ISLAMABAD: Pakistan on Sunday strongly rejected the allegations by Afghanistan linking Pakistan's Inter-Services Intelligence with peace envoy Burhanuddin Rabbani's assassination.

“Pakistan strongly rejects the baseless allegations of the Afghan Interior Minister of ISI's involvement in the assassination of Professor Burhanuddin Rabbani,” the foreign ministry said in a statement.

The reaction to Bismillah Mohammadi's remarks came hours after a statement from the Afghan presidential palace claiming that Rabbani's killer was Pakistani.

According to the statement, evidence shows that Rabbani's death last month “was plotted in Quetta and the person who carried out the suicide attack against Rabbani was a citizen of Pakistan”.

The statement added that the killer had been living in Chaman, a Pakistani border town near Quetta.

Pakistan questioned the evidence provided to its embassy in Kabul, and described Rabbani as a great friend of Pakistan, who was widely respected in the country.

Rabbani, chairman of President Hamid Karzai's High Peace Council, was killed by a turban suicide bomber at his home in Kabul on September 20.

He had thought that he was meeting a representative carrying a special message from the Taliban.

“The Afghan Interior Minister has not highlighted the fact that the assassin and his handler were roaming around in Kandahar and Kabul for quite some time,” the statement said.

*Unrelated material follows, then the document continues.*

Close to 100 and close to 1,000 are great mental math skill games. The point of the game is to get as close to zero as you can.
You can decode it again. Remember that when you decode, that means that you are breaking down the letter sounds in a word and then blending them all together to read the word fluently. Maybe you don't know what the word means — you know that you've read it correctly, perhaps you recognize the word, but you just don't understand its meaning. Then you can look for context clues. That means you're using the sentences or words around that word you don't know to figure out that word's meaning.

“The Afghan Interior Minister did not say that the assassin had been four days in the guest house of the High Peace Council managed by Afghans close to Burhanuddin Rabbani”, the statement added.

“The assassin was also apparently not body searched before the meeting. These facts are also part of the confession handed over to the Embassy by the Afghan intelligence”.

The foreign ministry called Mohammadi's statement “all the more regrettable” as Prime Minister Yousuf Raza Gilani had himself offered cooperation in the investigation, during his recent visit to Kabul.

“Instead of making such irresponsible statements those in positions of authority in Kabul, should seriously deliberate as to why all those Afghans who are favourably disposed towards peace and towards Pakistan are systematically being removed from the scene and killed”.

It underscored the need to take stock of the direction taken by Afghan intelligence and security agencies.

Karzai's spokesman said on Sunday that the Afghan President is reviewing his strategy for making peace with the Taliban and will address the nation on next steps “very soon”.